REQUIREMENT:
Read each of the lines below and tally those with "pink"; the tally is the whole answer.

───── DATA EXTRACTS ─────

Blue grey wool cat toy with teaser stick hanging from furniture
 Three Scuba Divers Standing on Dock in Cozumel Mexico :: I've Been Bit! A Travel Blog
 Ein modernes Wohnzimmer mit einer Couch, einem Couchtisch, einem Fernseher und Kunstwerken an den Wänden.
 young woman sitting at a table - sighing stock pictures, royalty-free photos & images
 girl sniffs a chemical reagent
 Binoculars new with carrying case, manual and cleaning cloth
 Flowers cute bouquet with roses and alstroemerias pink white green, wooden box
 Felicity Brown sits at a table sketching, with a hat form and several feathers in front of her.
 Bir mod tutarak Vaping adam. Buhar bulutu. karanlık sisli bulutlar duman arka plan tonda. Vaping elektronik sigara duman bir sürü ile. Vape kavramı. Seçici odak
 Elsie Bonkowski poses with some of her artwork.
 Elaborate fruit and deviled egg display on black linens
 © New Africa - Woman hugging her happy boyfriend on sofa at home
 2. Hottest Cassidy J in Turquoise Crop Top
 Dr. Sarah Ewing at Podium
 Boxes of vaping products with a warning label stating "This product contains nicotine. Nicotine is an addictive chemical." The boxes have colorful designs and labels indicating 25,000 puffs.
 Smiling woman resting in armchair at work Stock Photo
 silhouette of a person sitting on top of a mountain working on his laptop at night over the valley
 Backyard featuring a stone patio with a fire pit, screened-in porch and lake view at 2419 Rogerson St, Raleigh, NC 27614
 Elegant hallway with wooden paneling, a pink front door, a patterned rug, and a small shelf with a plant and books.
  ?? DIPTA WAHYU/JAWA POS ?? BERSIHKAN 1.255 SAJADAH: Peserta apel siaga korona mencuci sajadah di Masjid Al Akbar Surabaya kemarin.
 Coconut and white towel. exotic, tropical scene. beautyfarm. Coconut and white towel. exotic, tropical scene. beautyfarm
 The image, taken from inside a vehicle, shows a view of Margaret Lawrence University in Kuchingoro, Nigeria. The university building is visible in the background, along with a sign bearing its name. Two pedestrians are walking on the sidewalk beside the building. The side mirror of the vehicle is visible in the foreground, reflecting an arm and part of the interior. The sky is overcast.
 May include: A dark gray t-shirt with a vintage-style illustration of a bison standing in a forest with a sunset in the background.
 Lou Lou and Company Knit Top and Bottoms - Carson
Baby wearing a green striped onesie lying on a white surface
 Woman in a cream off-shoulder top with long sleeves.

─────

COMPLETED EXERCISE:
2